The ability to manipulate the spin degree of freedom in semiconductors is of fundamental importance to the fields of spintronics and quantum technologies. In particular, the electrical control of carrier spin dynamics is the focus of intense research by the international community aimed at the realization of electronic devices that are faster and have lower power consumption than current ones. The Rashba effect is a spin-orbit interaction-dependent physical mechanism that allows for the exploration of spin-charge conversion processes in systems based on materials such as germanium. These are of great interest because of their compatibility with modern industrial fabrication techniques for integrated circuits.
A fully optical study of the physics of the Rashba effect in Ge/Si0.15Ge0.85 quantum wells embedded in electronic devices is shown in a paper presented in Advanced Optical Materials. Time- and polarization-resolved optical spectroscopy measurements allowed to define the spin orientation and demonstrate that the dynamics depends both on the density of photoexcited carriers and on quantum effects such as the quantum confined Stark effect. This study demonstrates a new technique for manipulating the spin degree of freedom, proposing a novel strategy for engineering spin-orbit interaction by laser radiation thus paving the way for electro-optical spin manipulation in future quantum devices.

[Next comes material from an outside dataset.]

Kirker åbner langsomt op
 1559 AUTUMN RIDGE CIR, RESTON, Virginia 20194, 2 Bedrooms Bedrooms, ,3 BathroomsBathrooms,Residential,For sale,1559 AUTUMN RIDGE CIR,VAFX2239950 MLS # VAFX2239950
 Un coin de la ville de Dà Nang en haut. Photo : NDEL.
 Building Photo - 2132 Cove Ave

The work was carried out at the Department of Materials Science of the University of Milano-Bicocca, as described in the article "Optical Manipulation of the Rashba Effect in Germanium Quantum Wells," recently published in Advanced Optical Materials (Impact factor 10.050). The experimental analysis was carried out by a team from the Department of Materials Science led by Prof. Fabio Pezzoli, in collaboration with the groups of Prof. Giovanni Isella of the Politecnico di Milano and Prof. Xavier Marie of the Institut National des Sciences Appliquées in Toulouse.